As the guest speaker at a ceremony set for July 31 at Williams Park in the Village of Gibsonburg, Maddy, a retired Sandusky County agriculture agent, will focus his remarks on those families.
“There has always been a lot of recognition of folks who came back like me,” he said last week. “But for the families of servicemen who were killed in combat, they’ve never been adequately recognized in my opinion.”
The day Maddy was captured in January, 1945 nine other soldiers in his unit were killed and he often thinks of the effect their deaths had on their families.

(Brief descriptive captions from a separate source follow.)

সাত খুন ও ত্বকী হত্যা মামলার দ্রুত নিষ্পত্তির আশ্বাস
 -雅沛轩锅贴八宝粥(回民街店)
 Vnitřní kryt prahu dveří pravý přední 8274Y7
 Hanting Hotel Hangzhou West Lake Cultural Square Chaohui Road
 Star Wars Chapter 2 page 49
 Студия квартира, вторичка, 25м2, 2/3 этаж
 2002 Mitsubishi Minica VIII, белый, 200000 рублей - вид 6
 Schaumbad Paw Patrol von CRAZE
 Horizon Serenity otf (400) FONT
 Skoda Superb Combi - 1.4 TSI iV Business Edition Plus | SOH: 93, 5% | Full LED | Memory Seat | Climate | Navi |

One of the worst days of the war for his parents was January 23, 1945 – the day they received the telegram informing them their teenage son was listed as missing in action.
“A cousin was staying at our house that day and she said later it was just horrible for them,” he said.
The ceremony will begin at 2 p.m. at the village’s Veterans Memorial Wall.
A folding of the Rodger Young interment flag will follow Maddy’s remarks.
Young was born in Tiffin in 1918 and lived in Green Springs and Clyde.
In July, 1943, his squad was pinned down by a Japanese machine gun nest protecting an airstrip on New Guinea. Despite being wounded by the initial burst of fire, he crept close enough to the nest to throw hand grenades at it before being hit again and killed.
His heroic actions allowed his squad to withdraw with no additional losses while inflicting heavy casualties on the Japanese.
He was awarded the Medal of Honor in January, 1944 and his actions were commemorated by Frank Loesser, who wrote “The Ballad of Rodger Young.”
The Northcoast Veterans Museum will host a flag retirement ceremony at 3 p.m. and the museum will offer free admission from 10 a.m. to 6 p.m.